> **Exercise**:
Give again, exactly as written, each line of the material below starting at the line that contains "Timbre: Jubil&eacute; de S.M. Sisavang Vong" and ending at the line that contains "基桩动力检测理论与实践 岩土工程新技术及工程应用丛书 陈凡 著". Both ends count, and no other line does.

[Data section — start]

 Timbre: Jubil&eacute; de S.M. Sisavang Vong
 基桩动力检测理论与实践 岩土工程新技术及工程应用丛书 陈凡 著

[Data section — finish]
[Data section — start]

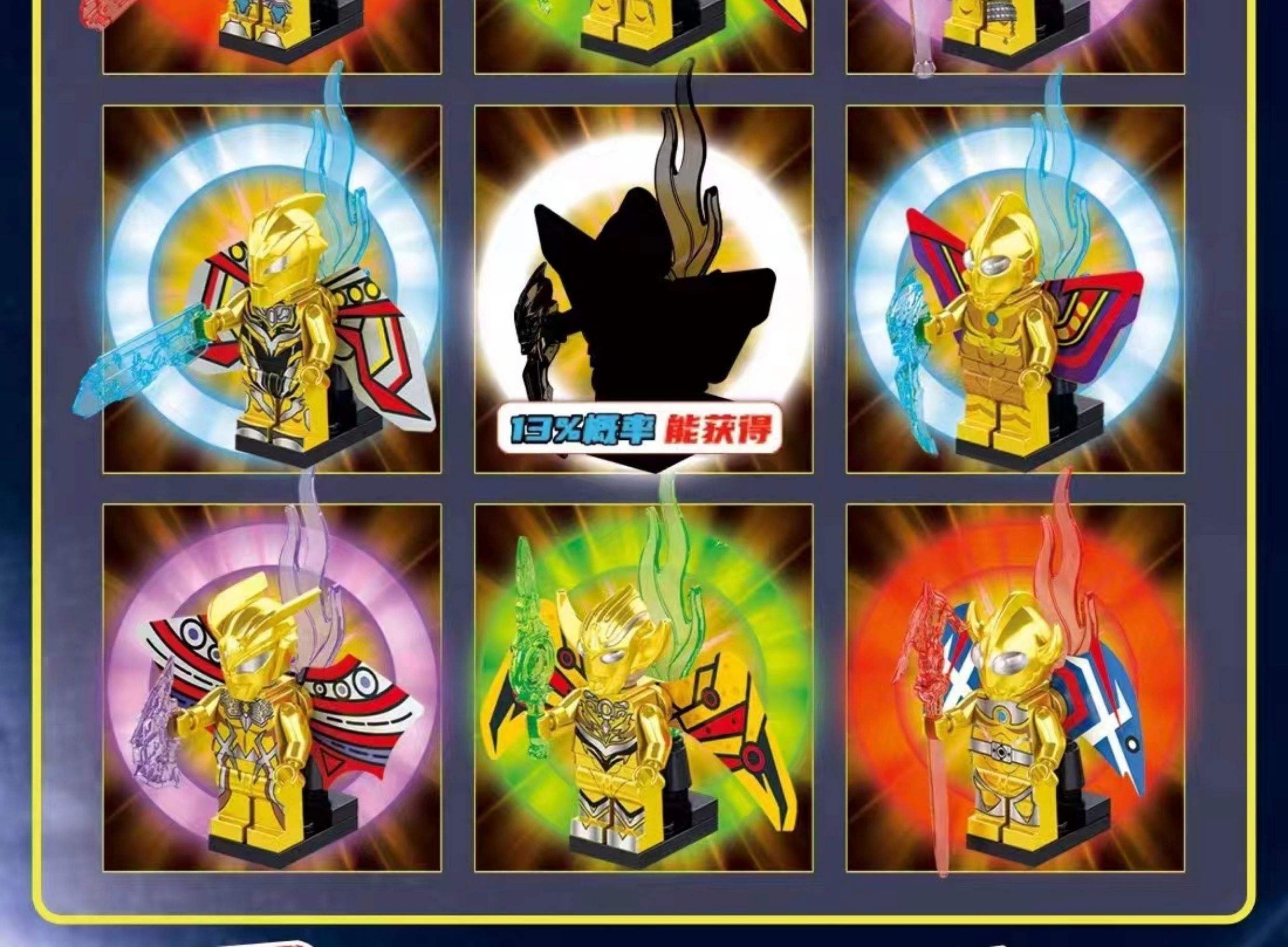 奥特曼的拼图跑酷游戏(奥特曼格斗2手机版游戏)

[Data section — finish]

> **Output for this exercise**:
 Timbre: Jubil&eacute; de S.M. Sisavang Vong
 基桩动力检测理论与实践 岩土工程新技术及工程应用丛书 陈凡 著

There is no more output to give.